De esta aritmética no se alimenta precisamente el abandono de la educación pública que condensa los yerros probables y los improbables del verdadero currículum de la tecnocracia. La escuela pública vive, a cada día, su propio 20 de diciembre. La ciencia de esta desolación reside en vindicar, como inevitable, una política del desprecio. Entre 1988 y 1996, el gasto público en educación se redujo al angustioso promedio del 4.2 por ciento del PIB. Yemen --que atraviesa por una guerra civil--, Líbano --en reconstrucción después de otra guerra civil-- y Kempoala --apenas perceptible en el mapamundi-- invierten casi el doble. Si se le mide por el grado de analfabetismo, la deserción escolar, el número de plazas-alumno y de bibliotecas, laboratorios e instalaciones deportivas, calificación o descalificación magisterial, eficiencia terminal y otras nociones modestas que prescinden de cualquier intento de comparación con sistemas educativos más desarrollados, la ``modernización'' de la educación mexicana de los últimos diez años nos ha devuelto, en términos proporcionales, a los años veinte.

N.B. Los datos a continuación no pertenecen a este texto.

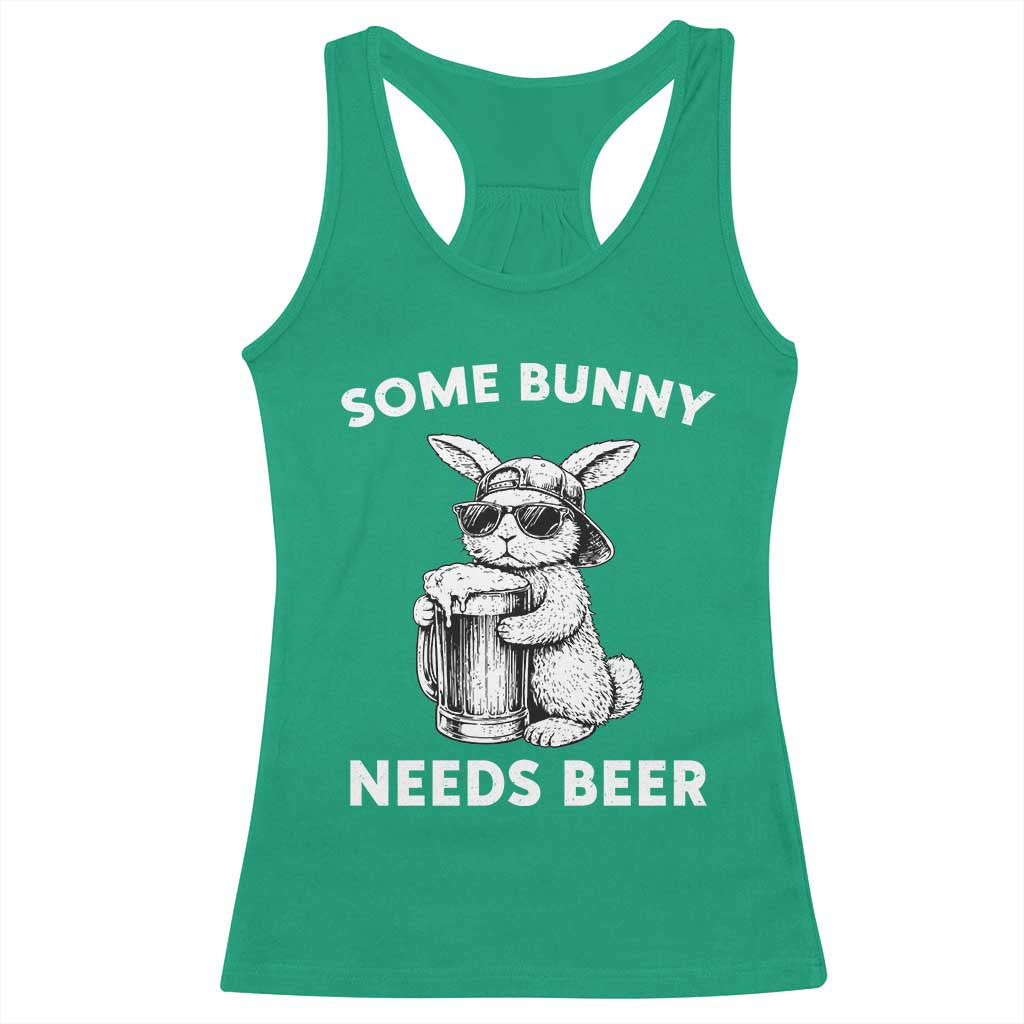 Some Bunny Needs Beer Funny Easter Drinking Humor Racerback Tank Top Cool Rabbit with Sunglasses Graphic Gift TS02 Irish Green Print Your Wear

¿Qué es la educación si no el afán de una nación por invertir en su capital --y el capital-- más preciado y determinante: el capital humano y social? No en la contabilidad de una política económica inspirada en el puñado de dogmas que colocan, por encima de cualquier duda racional, a la ``eficacia'' de los mercados financieros, la inversión extranjera y la estabilidad de precios. Para los huidizos administradores ¿políticos? que hoy especulan con la conducción del Estado mexicano, la educación pública no es una inversión sino un gasto: un ``renglón altamente inflacionario'', dice el breviario de sus lugares comunes. La alfabetización de un niño tzotzil representa décimas de un dígito; la dotación de libros en Tlaxcala, más décimas de otro dígito; los salarios del magisterio, una suma ``peligrosa'' de dígitos. En esta gramática, una política antinflacionaria significa eternizar el analfabetismo tzotzil, dejar a Tlaxcala esperando inúltilmente Mi libro de texto y exhumar maestros con salarios de 60 centavos de dólar la hora.
¿Es realmente ``inflacionaria'' la inversión educativa?
Si se prescinde de utopías como el bienestar mínimo y la igualdad de oportunidades, menos educación significa, de inmediato, más crímenes, más desempleos, más hampa, más descalificación, es decir, más policías, más ejército, más burocracias dedicadas a desarmar conflictos sociales y menos productividad y laboriosidad. La ciudad de México gasta más en perseguir al hampa que en educar a sus hijos. El fetichismo monetario de ahogar el gasto social no ha hecho más que trasladar la inversión dedicado a cultivar escuelas al gasto --también social e inflacionario-- empeñado en corregir una semiguerra urbana, cuya única solución está, paradójicamente, en aumentar la calidad y la extensión de la educación. El salario de un policía es tan inflacionario como el de un maestro, sólo que mucho más incendiario.
El problema es la opción. Optar por conceder salarios dignos --la dignidad comienza por la responsabilidad frente a la condición del otro-- a los maestros obligaría al fetichismo antinflacionario a descubrir una sociedad ahí donde sólo encuentra las aguas gélidas (y cada día menos tranquilas) de la ingeniería monetaria.